# Deploying Text Classification Model in Riva

[Transfer Learning Toolkit](https://developer.nvidia.com/transfer-learning-toolkit) (TLT) provides the capability to export your model in a format that can deployed using [NVIDIA Riva](https://developer.nvidia.com/riva), a highly performant application framework for multi-modal conversational AI services using GPUs. 

This tutorial explores taking an .riva model, the result of `tlt text_classification export` command, and leveraging the Riva ServiceMaker framework to aggregate all the necessary artifacts for Riva deployment to a target environment. Once the model is deployed in Riva, you can issue inference requests to the server. We will demonstrate how quick and straightforward this whole process is. 

## Learning Objectives
In this notebook, you will learn how to:  
- Use Riva ServiceMaker to take a TLT exported .riva and convert it to .rmir
- Deploy the model(s) locally  on the Riva Server
- Send inference requests from a demo client using Riva API bindings..

## Pre-requisites
To follow along, please make sure:
- You have access to NVIDIA NGC, and are able to download the Riva Quickstart [resources]https://ngc.nvidia.com/catalog/resources/nvidia:riva:riva_quickstart/)
- Have an .riva model file that you wish to deploy. You can obtain this from `tlt <task> export` (with `export_format=RIVA`). Please refer the tutorial on *Text Classification using Transfer Learning Toolkit* for more details on training and exporting an .riva model which was covered in the previous notebook.
- Have followed the steps in the setup notebook to setup and deploy an instance of the RIVA Framework and have a running RIVA server



### . Riva-deploy

The deployment tool takes as input one or more Riva Model Intermediate Representation (RMIR) files and a target model repository directory. It creates an ensemble configuration specifying the pipeline for the execution and finally writes all those assets to the output model repository directory.

In [None]:
# Syntax: riva-deploy -f dir-for-rmir/model.rmir:key output-dir-for-repository
! docker run --rm --gpus 0 -v $MODEL_LOC:/data $RIVA_SM_CONTAINER -- \
            riva-deploy -f /data/tc-model.rmir:$KEY /data/models

## Start Riva Server
Once the model repository is generated, we are ready to start the Riva server. This step is covered in the setup notebook.

## Run Inference
Once the Riva server is up and running with your models, you can send inference requests querying the server. 

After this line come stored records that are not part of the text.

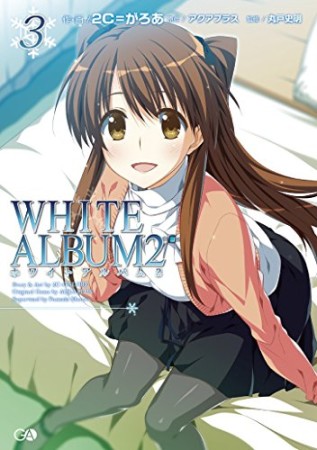 WHITE ALBUM23巻の表紙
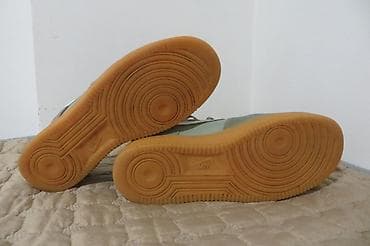 Lične stvari: NIKE br 44 28cm, unutrasnje gaziste stopala, patike bez bilo kakve — 5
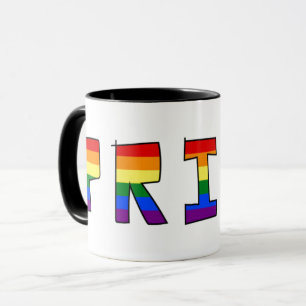 PRIDE MUGG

To send GRPC requests, you can install Riva Python API bindings for client. This is available as a pip .whl with the QuickStart.

In [None]:
# IMPORTANT: Set the name of the whl file
RIVA_API_WHL = "<add riva api .whl file name>"

In [None]:
# Install client API bindings
!cd $RIVA_DIR && pip install $RIVA_API_WHL

The following code sample shows how you can perform inference using Riva Python API gRPC bindings:

In [None]:
import grpc
import argparse
import os
import riva_api.riva_nlp_pb2 as rnlp
import riva_api.riva_nlp_pb2_grpc as rnlp_srv


class BertTextClassifyClient(object):
    def __init__(self, grpc_server, model_name):
        # generate the correct model based on precision and whether or not ensemble is used
        print("Using model: {}".format(model_name))

        self.model_name = model_name
        self.channel = grpc.insecure_channel(grpc_server)
        self.riva_nlp = rnlp_srv.RivaLanguageUnderstandingStub(self.channel)

        self.has_bos_eos = False

    # use the text_classification network to return top-1 classes for intents/sequences
    def postprocess_labels_server(self, ct_response):
        results = []

        for i in range(0, len(ct_response.results)):
            intent_str = ct_response.results[i].labels[0].class_name
            intent_conf = ct_response.results[i].labels[0].score

            results.append((intent_str, intent_conf))

        return results

    # accept a list of strings, return a list of tuples ('intent', scores)
    def run(self, input_strings):
        if isinstance(input_strings, str):
            # user probably passed a single string instead of a list/iterable
            input_strings = [input_strings]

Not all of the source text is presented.